Selon lui, ce qu'il faut privilégier, c'est un gouvernement de transition doté des pleins pouvoirs exécutifs. « Les 'pleins pouvoirs exécutifs' est un énoncé bien compris et simple : cela signifie que tous les pouvoirs gouvernementaux devraient être assumés par ce gouvernement. Celui-ci entrerait en fonctions pendant la période de transition, qui prendrait fin avec les élections. Ces élections seront présidentielles s'il est convenu que la république reste présidentielle, comme c'est actuellement le cas ; ou bien elles seront législatives, si le système actuel devait être remplacé par un régime parlementaire.
« Je pense – en fait, je suis sûr - que la Conférence de Genève organisée en juin dernier comporte des éléments suffisants pour un plan de sortie de crise. Bien entendu, cela fait six mois que la conférence a eu lieu et, sans aucun doute, des modifications doivent être apportées au communiqué qui en est issue. »

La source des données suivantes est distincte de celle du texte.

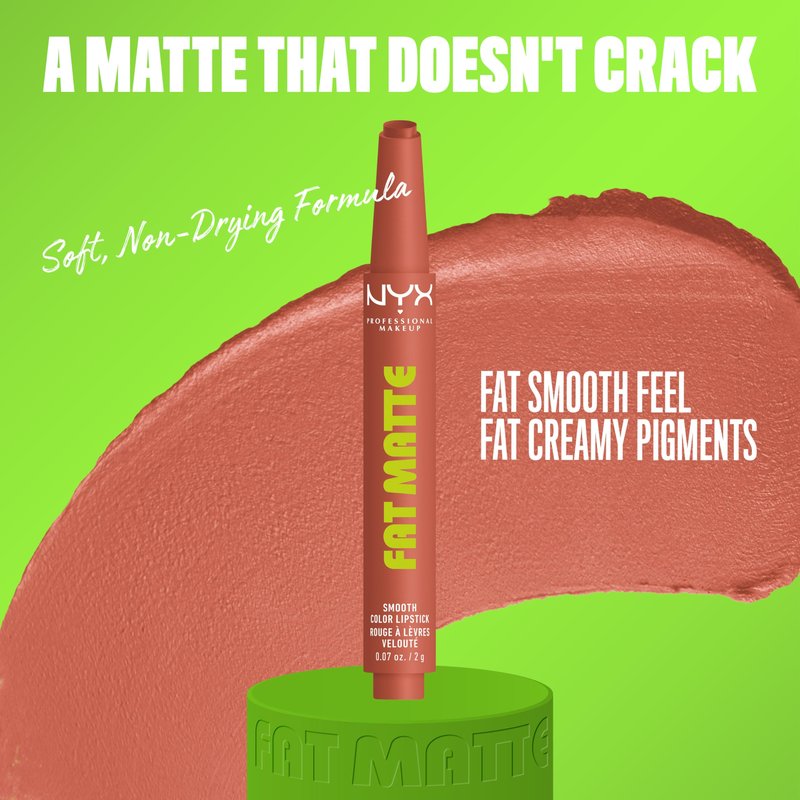 NYX PROFESSIONAL MAKEUP Fat Matte Lipstick, Pigmented, Smoothing, & Non-Drying Lip Crayon, Long Lasting Lip Makeup, Vegan & Cruelty Free - Cozy Whipped (Nude)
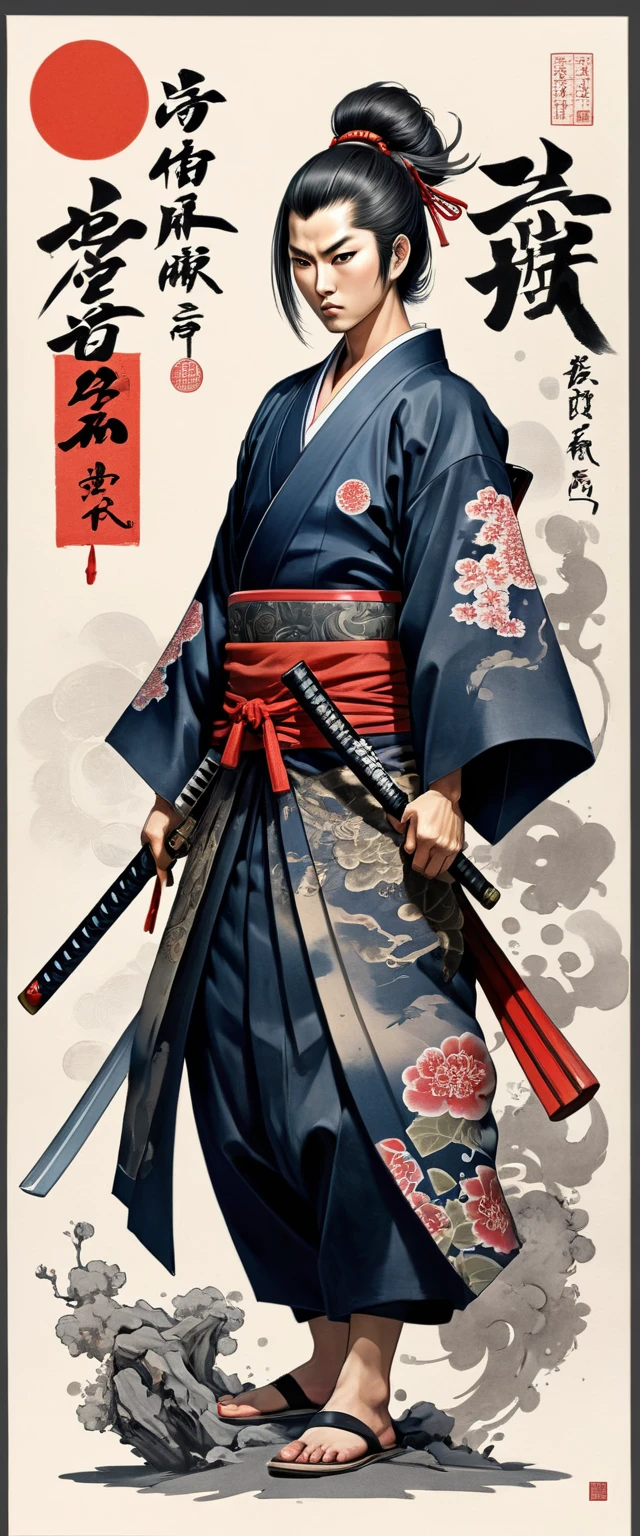 authentic illustrated Washipaper close full body infp complex evil Shimazu Yoshihiro add weapon(perfect anatomy), Beautiful firm round busts, perfect busts, authentic tattoo designs drawn directly all over the body, bold medium, authentic samurai Art Design, Cutting-edge samurai fashion, Innovative, The center of attention,japanese prefecture, honk kong, Special laser art design, -motto,against a complex Background, --niji 50 --chaos 30 --testpfx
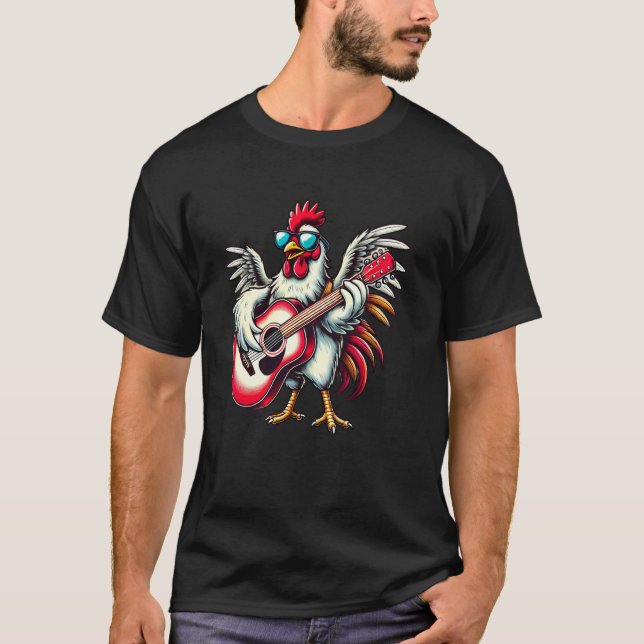 Camiseta Frango Usando Óculos de Sol Tocando Guitarra Músic (Frente)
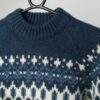 Vintage Runox Scandinavian Wool Jumper Chunky Knit Jumper In Blue And Cream Medium 2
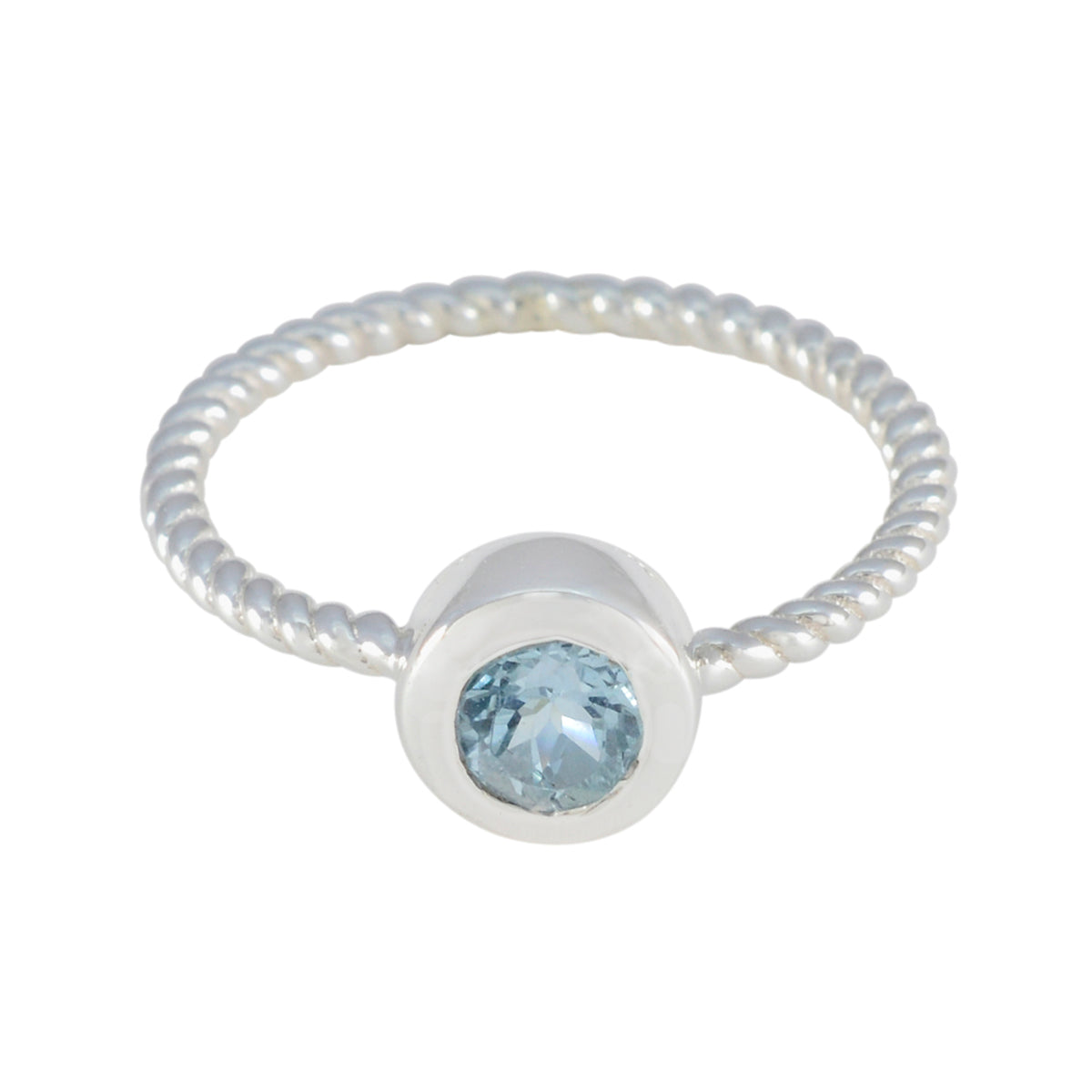 Blue Topaz Solitaire American Silver Blue Gemstones Delicate Abstract Ring Jewelry Image principale du produit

Pour M. Brahimi, la violence doit cesser et pour cela, une observation rigoureuse du cessez-le-feu par une mission de maintien de la paix s'impose.
« Cette idée a été mal interprétée », a-t-il rappelé, « certains ayant dit que Brahimi proposait de faire venir des forces étrangères en Syrie. Non, ce ne sont pas des forces étrangères, elles viendraient seulement avec l'accord des parties sur le principe d'une force de maintien de la paix ».
Cette visite était la troisième dans le pays du représentant spécial conjoint depuis qu'il a pris ses fonctions en août dernier. À cette occasion, il a pu présenter ses propositions non seulement à M. Assad, mais aussi aux groupes d'opposition se trouvant à l'intérieur et à l'extérieur du pays.
« Les pourparlers se poursuivent », a-t-il précisé, ajoutant que les Syriens devaient maintenant résoudre leurs divergences, mais avec « une aide extérieure considérable ».